It’s a go-go for Gigi: We’ve been hearing from reliable sources that Gigi Li will be running in the Democratic primary election for the 65th Assembly District in September. On Wednesday, after the press conference on Rivington House, the Community Board 3 chairperson confirmed, with a broad smile, that she will be. “I fully intend to run in the primary,” she assured, adding, “I think I have a track record that speaks for itself.”
The gang’s all there: Among those spotted at last Thursday’s candidates forum for the 65th A.D. special election on April 19 was Ti-Hua Chang, the veteran New York City TV news reporter. Chang, who seemed to be listening quite intently to what Yuh-Line Niou was saying, is known to be supporting Don Lee, who, like Li, also plans to run in the September primary.

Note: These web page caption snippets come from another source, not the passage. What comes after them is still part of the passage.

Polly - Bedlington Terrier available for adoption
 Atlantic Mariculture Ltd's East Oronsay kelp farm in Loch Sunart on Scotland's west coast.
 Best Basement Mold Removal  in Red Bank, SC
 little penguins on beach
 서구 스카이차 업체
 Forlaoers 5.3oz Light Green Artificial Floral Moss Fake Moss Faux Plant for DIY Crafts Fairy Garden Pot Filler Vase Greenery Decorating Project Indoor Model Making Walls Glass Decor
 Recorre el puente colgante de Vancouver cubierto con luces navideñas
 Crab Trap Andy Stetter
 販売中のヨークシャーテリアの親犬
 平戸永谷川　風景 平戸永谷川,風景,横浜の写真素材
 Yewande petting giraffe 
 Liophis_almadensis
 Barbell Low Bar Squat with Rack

Some say Chang is actually Lee’s campaign manager. Also checking out the special-election candidates at the forum were District Leaders Jenifer Rajkumar and Paul Newell. They, too, both plan to run in the Assembly primary in September. Is anyone not running in that primary? Newell was smart, leaving no butts about whether people would see his campaign literature: He put his trilingual fliers on all the audience seats. We saw Rajkumar stand up and listen very carefully when Niou was asked about the Democratic County Committee vote in February, when Niou — calling it a “flawed” process — dropped out of the running when it was clear Alice Cancel would win the nomination. Asked if she would have accepted the nomination if she had won the vote, Niou basically said she wouldn’t have been able to because, well, at that point, she wasn’t in the running anymore.
Soldiering on: Speaking of Niou, she is still showing some visible effects of the scary February accident when she was riding in an Uber car to pick up her mom at the airport and it was rear-ended. Last week, Niou was sporting a big black brace over her right knee, and she told us that she is still wearing makeup to camouflage a large black bruise — her face hit the back of the driver’s pushed-back-too-far seat — that goes across her forehead and down her face along the side of her nose to the corner of her mouth. After she mentioned it to us, we could faintly see it through the makeup. But she was in her usual good spirits during the event — perhaps because she was getting a contact high from pro-pot Green Party candidate Dennis Levy sitting next to her? Just kidding!… We think!
Committee crew: A race is also shaping up for Democratic State Committee in the West Side’s 66th Assembly District, where incumbent Buxton Midyette, who was elected last year to fill the seat left vacant by Alan Schulkin, is not running for re-election. The candidates include former District Leader John Scott, Deley Gazinelli, Dodge Landesman and Ben Yee. The Village Independent Democrats club might have a tough choice in this one. One would expect leading V.I.D.’er Assemblymember Deborah Glick to push for Scott. But Yee, who is the club’s treasurer and also the vice president of Young Democrats of America, is being honored by V.I.D. at its 59th Annual Awards Reception on Thurs., April 28, at Tio Pepe on W. Fourth St. And don’t count out Landesman, who previously was outmaneuvered for the state committee seat by the veteran labor honcho Schulkin. V.I.D. will also be honoring Steve Herrick, executive director of the Cooper Square Committee, for his work on behalf of affordable housing, and Soffiyah Elijah, executive director of the Correctional Association of New York.